# Can I use a SATA SSD?



## Des_Zac

I'm a little confused about this, can I use a Patriot Inferno Solid State Drive with my laptop? It says compatable with SATA and then it looks like model numbers? I just want to make sure it's compatable before I got off spending 60 dollars on a solid state drive. 

Thanks a bunch!

-Zach


----------



## FuryRosewood

what OS is this laptop running?


----------



## Des_Zac

FuryRosewood said:


> what OS is this laptop running?



XP 2005 Tablet Edition SP3


----------



## Des_Zac

Oh, quick note, looks like I'll be getting an OCZ Vertex instead, (I don't know if that changes anything) The Patriot ended up being sold before I could buy it.


----------



## johnb35

What is the exact model of laptop you have?  Confusing since it says IDE and SATA.


----------



## linkin

johnb35 said:


> What is the exact model of laptop you have?  Confusing since it says IDE and SATA.



Yeah, pretty sure such a thing as "SATA 33/66/100" doesn't actually exist


----------



## Des_Zac

linkin said:


> Yeah, pretty sure such a thing as "SATA 33/66/100" doesn't actually exist



That's on the official Gateway website though... that's why I'm confused... 


It's a Gateway Tablet PC m285-e


----------



## wolfeking

It is a SATA drive. 

taken from the HDtune results on that laptop at notebookreview. 
http://www.notebookreview.com/default.asp?newsID=3038
and the model # netted http://www.pacificgeek.com/productdetail.asp?ID=2496128


----------



## Des_Zac

wolfeking said:


> It is a SATA drive.
> 
> taken from the HDtune results on that laptop at notebookreview.
> http://www.notebookreview.com/default.asp?newsID=3038
> and the model # netted http://www.pacificgeek.com/productdetail.asp?ID=2496128



Good, so that means that the SSD will work fine?


----------



## wolfeking

it should. Being core duo, it will probably be SATA 150 though.


----------



## Des_Zac

wolfeking said:


> it should. Being core duo, it will probably be SATA 150 though.



Do you think it would be better for me to go for a 250GB HDD or the 60GB SSD? Would I see a large performance boost with the SSD or would it not really help a lot?


----------



## wolfeking

a HDD at a max uses about 100Mb/s. SATA 150 would give the SSD a 50Mb/s advantage over the HDD. thats 150% performance. 

It is really up to you.

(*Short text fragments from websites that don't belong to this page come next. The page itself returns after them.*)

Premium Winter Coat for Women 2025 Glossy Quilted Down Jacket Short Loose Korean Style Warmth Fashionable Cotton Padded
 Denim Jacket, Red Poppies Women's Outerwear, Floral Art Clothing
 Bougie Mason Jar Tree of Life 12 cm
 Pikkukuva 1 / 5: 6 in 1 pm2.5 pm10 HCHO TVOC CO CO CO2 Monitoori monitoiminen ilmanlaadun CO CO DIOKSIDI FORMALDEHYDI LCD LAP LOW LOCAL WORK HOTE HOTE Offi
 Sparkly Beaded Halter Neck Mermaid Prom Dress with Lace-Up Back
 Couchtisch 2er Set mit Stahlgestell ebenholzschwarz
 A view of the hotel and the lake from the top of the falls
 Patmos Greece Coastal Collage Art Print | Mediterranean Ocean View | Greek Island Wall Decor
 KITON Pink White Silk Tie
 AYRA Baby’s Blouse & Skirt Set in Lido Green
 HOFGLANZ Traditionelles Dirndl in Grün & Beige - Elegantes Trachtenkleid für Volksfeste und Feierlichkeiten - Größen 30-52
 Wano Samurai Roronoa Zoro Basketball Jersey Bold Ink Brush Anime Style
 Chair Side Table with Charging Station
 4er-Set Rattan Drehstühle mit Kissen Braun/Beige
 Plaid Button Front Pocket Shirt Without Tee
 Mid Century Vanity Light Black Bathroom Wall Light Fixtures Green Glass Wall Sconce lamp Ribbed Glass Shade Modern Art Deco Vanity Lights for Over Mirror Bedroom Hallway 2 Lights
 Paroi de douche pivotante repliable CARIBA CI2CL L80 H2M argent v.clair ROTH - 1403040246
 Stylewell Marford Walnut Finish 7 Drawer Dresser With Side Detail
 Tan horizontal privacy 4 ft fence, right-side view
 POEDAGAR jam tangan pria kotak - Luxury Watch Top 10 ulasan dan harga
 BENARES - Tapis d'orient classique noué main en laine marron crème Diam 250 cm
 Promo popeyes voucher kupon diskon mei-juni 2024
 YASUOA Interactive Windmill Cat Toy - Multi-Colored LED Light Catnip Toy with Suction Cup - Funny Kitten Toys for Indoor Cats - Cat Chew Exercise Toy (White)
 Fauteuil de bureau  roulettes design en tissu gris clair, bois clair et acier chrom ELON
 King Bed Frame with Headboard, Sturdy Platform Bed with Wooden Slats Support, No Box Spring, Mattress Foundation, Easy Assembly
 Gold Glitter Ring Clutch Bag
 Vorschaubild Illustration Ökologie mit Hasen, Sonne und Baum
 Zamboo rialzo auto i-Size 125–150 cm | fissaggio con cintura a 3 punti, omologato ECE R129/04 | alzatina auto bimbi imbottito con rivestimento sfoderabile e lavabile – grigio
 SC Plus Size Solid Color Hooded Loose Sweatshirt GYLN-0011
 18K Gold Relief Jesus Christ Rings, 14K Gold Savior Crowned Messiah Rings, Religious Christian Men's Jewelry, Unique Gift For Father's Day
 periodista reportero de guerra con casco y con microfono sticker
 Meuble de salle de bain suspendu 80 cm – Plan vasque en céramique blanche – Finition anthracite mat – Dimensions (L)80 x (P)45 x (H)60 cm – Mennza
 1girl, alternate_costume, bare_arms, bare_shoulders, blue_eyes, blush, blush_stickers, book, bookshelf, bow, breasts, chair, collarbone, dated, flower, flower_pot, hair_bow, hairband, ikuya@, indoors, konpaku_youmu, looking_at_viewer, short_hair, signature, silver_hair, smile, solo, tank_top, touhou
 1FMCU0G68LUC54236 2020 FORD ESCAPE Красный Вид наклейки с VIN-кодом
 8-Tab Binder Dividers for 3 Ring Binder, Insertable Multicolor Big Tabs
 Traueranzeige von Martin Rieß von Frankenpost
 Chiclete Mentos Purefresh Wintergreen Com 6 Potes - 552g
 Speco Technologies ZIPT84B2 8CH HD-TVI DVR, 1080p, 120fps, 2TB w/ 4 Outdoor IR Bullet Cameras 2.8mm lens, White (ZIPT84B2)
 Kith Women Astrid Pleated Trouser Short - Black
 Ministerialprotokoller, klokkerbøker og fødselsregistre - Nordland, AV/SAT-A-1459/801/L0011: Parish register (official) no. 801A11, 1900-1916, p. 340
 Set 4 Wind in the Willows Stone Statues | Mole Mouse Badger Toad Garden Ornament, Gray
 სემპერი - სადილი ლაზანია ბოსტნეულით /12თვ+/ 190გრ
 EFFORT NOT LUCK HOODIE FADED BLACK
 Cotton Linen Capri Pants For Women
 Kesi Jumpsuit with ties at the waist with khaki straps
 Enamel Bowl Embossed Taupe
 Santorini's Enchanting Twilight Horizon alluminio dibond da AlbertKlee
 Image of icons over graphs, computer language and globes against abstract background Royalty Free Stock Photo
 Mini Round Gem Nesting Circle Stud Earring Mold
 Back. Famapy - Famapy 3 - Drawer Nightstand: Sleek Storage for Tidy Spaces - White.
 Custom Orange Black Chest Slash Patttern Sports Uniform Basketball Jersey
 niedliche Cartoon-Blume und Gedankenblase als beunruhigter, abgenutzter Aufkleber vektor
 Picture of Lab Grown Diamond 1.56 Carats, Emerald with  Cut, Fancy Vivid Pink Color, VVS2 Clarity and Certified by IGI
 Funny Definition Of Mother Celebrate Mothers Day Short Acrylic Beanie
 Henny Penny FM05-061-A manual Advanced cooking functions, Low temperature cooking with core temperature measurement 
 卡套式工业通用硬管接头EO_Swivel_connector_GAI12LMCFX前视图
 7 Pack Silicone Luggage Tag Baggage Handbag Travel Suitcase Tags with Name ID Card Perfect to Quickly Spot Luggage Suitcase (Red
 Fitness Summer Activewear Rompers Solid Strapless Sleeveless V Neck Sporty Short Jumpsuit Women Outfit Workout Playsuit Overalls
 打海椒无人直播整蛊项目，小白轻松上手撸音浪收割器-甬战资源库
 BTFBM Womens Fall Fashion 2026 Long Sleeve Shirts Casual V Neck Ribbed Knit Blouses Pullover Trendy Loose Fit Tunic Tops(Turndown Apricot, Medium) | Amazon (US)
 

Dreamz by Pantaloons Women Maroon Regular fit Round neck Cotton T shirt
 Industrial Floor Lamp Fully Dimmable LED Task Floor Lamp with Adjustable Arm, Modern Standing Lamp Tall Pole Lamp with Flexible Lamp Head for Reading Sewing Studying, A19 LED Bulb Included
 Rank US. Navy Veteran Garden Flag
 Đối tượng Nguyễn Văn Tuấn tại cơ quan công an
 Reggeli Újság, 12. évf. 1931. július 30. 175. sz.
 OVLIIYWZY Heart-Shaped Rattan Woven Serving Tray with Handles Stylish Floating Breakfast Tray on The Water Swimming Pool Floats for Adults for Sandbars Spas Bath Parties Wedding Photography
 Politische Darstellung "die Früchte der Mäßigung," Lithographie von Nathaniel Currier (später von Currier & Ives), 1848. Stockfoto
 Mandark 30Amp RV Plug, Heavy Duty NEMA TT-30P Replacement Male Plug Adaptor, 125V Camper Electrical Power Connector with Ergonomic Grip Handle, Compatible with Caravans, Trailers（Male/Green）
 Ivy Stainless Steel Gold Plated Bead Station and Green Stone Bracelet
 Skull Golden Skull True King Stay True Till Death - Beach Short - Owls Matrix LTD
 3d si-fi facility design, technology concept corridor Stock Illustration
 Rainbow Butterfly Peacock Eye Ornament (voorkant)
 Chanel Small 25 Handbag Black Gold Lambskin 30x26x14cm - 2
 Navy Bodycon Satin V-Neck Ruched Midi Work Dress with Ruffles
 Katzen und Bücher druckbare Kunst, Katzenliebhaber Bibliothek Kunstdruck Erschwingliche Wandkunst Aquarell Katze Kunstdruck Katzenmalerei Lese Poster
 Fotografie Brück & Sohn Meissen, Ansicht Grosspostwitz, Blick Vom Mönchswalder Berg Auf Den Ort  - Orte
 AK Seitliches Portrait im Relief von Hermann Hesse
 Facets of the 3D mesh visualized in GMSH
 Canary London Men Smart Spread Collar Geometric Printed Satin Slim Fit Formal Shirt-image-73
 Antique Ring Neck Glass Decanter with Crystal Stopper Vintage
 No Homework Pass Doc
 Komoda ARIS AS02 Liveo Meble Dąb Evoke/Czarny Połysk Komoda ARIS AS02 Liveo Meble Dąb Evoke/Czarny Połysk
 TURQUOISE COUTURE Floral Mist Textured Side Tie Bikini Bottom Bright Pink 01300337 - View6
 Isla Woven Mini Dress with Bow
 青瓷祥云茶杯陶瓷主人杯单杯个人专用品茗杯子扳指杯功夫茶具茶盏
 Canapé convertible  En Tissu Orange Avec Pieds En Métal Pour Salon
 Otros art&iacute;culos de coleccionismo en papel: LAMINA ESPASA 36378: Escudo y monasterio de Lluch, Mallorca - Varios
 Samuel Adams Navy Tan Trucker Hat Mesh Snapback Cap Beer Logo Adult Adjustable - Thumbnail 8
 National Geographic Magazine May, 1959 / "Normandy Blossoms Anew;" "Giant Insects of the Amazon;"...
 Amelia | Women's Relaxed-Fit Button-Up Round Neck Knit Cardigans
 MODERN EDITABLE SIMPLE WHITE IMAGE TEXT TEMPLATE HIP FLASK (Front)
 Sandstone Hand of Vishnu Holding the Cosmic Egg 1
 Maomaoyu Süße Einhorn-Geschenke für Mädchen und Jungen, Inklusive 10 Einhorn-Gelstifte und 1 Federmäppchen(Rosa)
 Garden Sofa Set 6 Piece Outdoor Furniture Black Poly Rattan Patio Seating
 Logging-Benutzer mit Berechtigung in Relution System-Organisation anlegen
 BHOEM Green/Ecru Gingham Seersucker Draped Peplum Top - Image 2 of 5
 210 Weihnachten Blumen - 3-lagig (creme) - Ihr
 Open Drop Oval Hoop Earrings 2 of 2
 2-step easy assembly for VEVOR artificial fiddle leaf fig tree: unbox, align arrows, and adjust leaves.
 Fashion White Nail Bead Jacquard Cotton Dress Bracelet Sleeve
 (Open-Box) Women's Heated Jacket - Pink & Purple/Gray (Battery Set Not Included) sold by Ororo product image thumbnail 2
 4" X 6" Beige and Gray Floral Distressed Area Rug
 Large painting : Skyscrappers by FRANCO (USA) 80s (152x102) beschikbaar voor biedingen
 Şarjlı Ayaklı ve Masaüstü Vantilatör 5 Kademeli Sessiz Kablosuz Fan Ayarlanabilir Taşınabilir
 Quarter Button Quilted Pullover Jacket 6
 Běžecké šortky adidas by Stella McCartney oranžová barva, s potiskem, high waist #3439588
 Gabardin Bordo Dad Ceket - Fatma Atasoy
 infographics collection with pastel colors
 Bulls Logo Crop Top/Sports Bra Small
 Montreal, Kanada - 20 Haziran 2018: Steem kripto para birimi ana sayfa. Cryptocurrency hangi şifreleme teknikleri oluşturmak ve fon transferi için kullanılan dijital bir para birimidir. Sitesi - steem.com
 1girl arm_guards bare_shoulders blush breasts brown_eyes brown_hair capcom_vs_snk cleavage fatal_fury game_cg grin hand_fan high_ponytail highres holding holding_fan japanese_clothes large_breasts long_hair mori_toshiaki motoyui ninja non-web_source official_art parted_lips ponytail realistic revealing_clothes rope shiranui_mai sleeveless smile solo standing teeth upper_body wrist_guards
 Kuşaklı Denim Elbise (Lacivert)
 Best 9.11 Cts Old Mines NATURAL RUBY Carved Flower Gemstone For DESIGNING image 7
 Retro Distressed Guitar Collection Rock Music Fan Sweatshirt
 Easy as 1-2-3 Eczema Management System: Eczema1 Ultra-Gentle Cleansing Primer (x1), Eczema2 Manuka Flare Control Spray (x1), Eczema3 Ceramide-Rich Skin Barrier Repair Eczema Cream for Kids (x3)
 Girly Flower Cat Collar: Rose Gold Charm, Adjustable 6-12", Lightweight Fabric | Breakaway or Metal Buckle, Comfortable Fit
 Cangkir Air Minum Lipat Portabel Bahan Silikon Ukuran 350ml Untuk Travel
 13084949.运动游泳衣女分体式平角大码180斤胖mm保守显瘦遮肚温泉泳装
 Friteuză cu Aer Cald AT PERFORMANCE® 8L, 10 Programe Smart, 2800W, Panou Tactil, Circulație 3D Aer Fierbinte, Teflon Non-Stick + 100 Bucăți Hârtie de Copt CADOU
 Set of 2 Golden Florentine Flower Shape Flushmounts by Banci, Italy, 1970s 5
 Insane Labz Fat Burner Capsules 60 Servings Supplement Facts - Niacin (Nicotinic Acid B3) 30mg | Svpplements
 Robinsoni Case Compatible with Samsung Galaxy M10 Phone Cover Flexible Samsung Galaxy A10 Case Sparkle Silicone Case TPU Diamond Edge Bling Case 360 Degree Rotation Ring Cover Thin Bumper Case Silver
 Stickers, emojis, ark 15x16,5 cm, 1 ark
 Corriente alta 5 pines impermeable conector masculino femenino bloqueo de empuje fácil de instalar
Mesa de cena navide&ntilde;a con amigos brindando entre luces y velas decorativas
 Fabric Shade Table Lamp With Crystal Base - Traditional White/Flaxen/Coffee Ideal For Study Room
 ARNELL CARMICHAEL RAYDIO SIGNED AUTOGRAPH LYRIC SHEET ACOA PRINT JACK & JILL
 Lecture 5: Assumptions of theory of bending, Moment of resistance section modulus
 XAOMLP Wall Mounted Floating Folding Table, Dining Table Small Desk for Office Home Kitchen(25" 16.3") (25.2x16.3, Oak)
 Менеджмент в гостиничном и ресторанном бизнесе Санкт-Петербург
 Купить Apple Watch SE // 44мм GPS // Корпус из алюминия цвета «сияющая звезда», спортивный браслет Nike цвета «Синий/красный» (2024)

A 7200 RPM drive has all the performance the average laptop user needs (I really need to get mine replaced).


----------



## Des_Zac

wolfeking said:


> a HDD at a max uses about 100Mb/s. SATA 150 would give the SSD a 50Mb/s advantage over the HDD. thats 150% performance.
> 
> It is really up to you. A 7200 RPM drive has all the performance the average laptop user needs (I really need to get mine replaced).



Okay, I'll just go with a 7200 RPM 500GB drive, thanks.


----------



## wolfeking

sounds like a plan.


----------



## TrainTrackHack

> Do you think it would be better for me to go for a 250GB HDD or the 60GB SSD? Would I see a large performance boost with the SSD or would it not really help a lot?


You would. Most of the SSD performance comes from the near-zero latency since the seek time is essentially eliminated thanks to doing away with moving parts. In everyday usage, latency is far more important than the maximum bandwidth, so the apparent system performance in nearly all disc I/O bound scenarios would be far more than the quoted 150% (when compared to a mechanical HD). The only thing where the bandwidth really matters (enough to be a valid point for comparison) is moving around large volumes of files, but even then you would still have the extra ~50% (and less noise & power consumption).

Having said that, I would still recommend a bigger hard drive if you're using Windows, though, living with only 60GB can be hard and depending on your CPU power, application load times (one of the things that SSDs have a tremendous impact on, regardless of bandwidth) might become CPU bound, diminishing the potential benefits somewhat, so it might not yet be worth the money.


----------